Your vendors are likely in the same state as you. Be assured that alternative solutions and options are possible, just as long as you are willing to be flexible. “There’s quite a bit of confusion and stress happening amongst our couples,” says wedding planner Stefanie Cove. “Monitor the ongoing situation for the best way to move forward.”
The healthiest possible way to approach the situation is to calmly broach the topic with your vendors with solutions in mind. Pay close attention to ongoing changes as some regions and countries are on complete lockdown.
- To keep your meeting schedule on time, switch to online meetings. You don’t need to stay behind on your planning timeline.
- Instead of [outright] cancelling your wedding, talk to your vendors
- . Wedding professionals have been super flexible to match their agenda with clients’ new dates. Deciding to postpone and keep the same vendors’ team that you already chose will save you a lot of money and time.
- What the government is doing now is for prevention. [If you still want a destination wedding], you will eventually have amazing vendors full of energy to give you their best.

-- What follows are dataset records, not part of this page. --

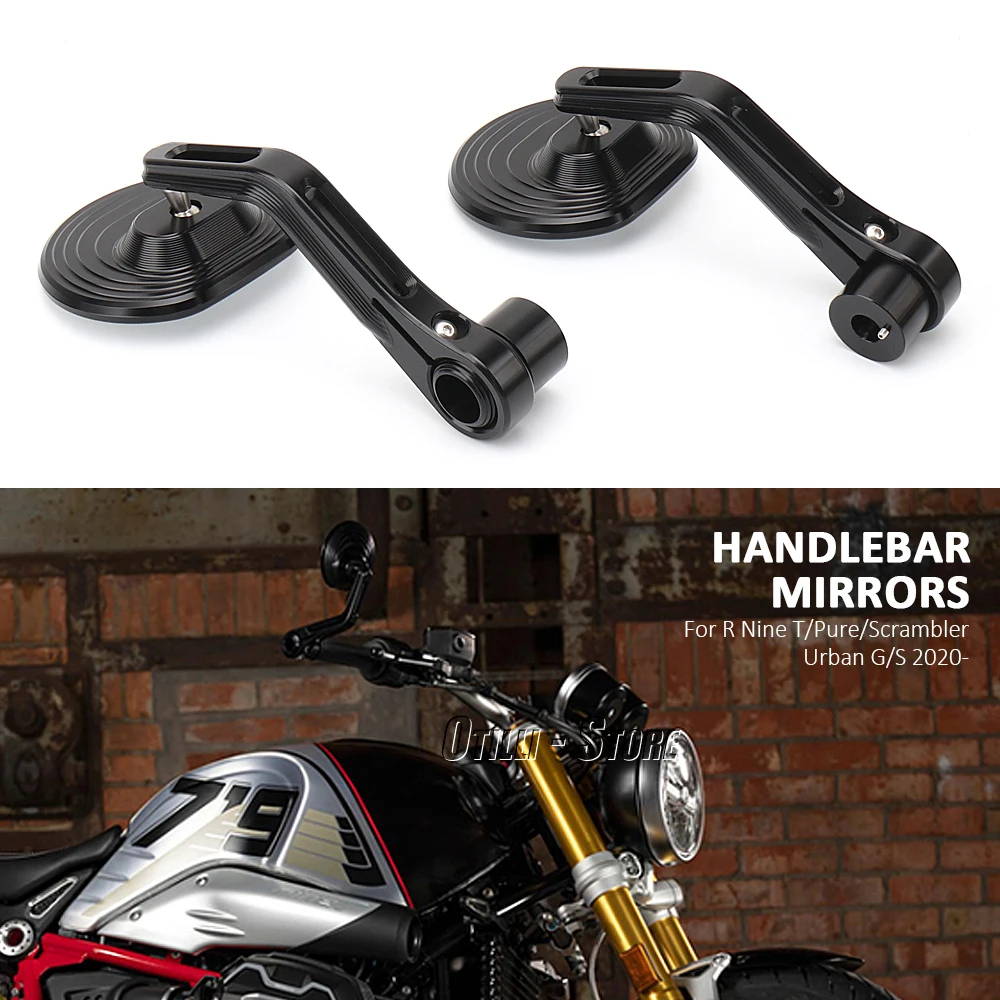 New Motorcycle Rearview Mirror Handlebar Mirror Black/Silver Accessories For BMW Rninet Scrambler R NineT Pure RNINET Urban G/S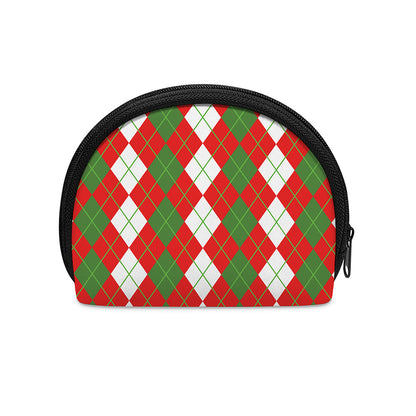 White Green And Red Argyle Pattern Print Coin Purse
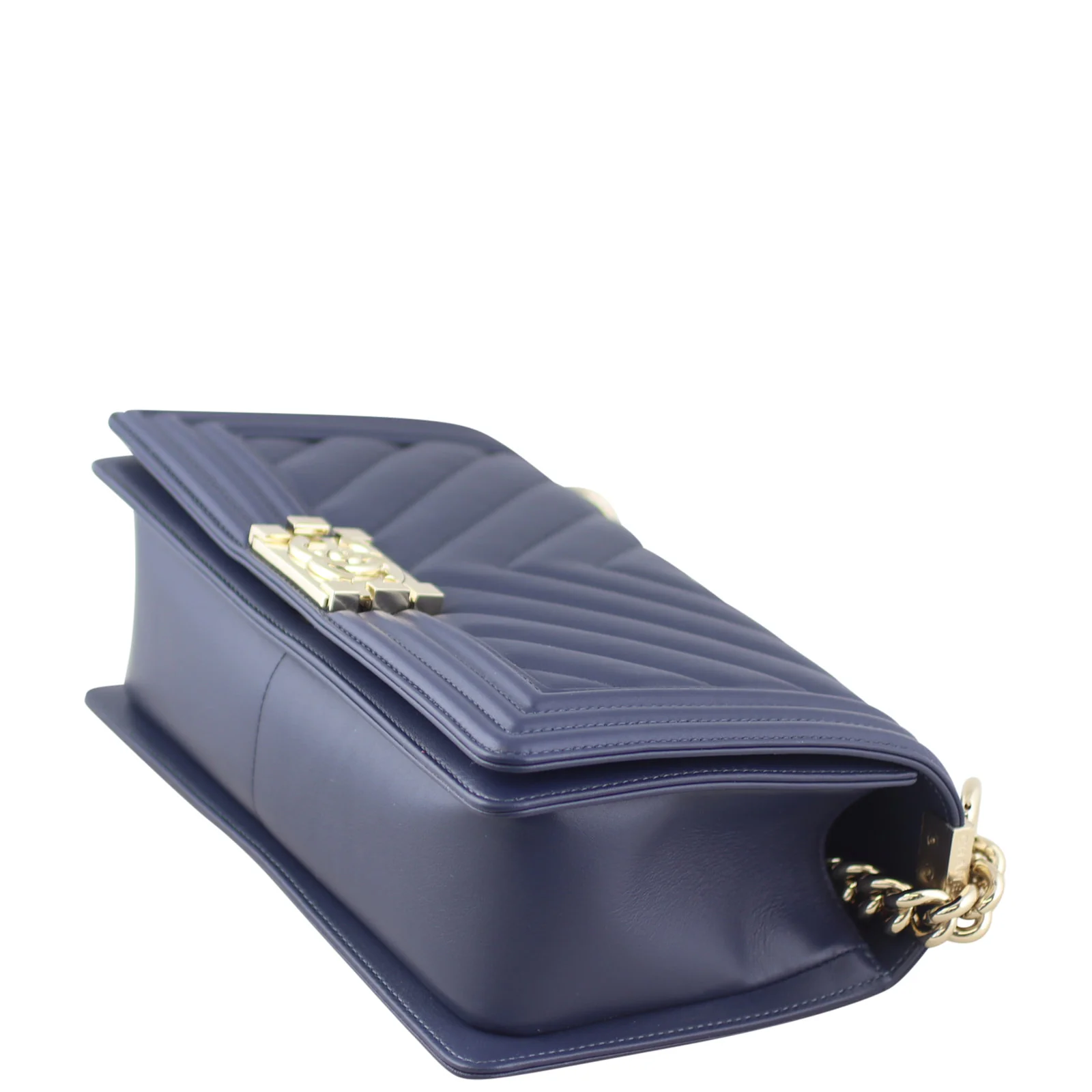 Chanel Boy Chevron Old Medium |  Navy Blue - Image 7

- If you have already sent invitations or save-the-dates to your guests, make sure to communicate with them clearly, explaining the situation. You can also send them a note card or designate someone to call the guests.
If you’ve postponed your wedding or will likely postpone (even without a new date locked in), sending a change-the-date to your loved ones is proper etiquette considering it’s a stressful time for many. Let your family members and friends know that they are still cared for by communicating this scheduling adjustment to all. Ensure that everyone has been accounted for, whether it’s via text, a phone conversation, or email.
Be as gracious as possible to your loved ones as they might also be grappling with feelings of fear or disappointment. If it becomes overwhelming, ask a friend or a wedding pro to help funnel communication during this time.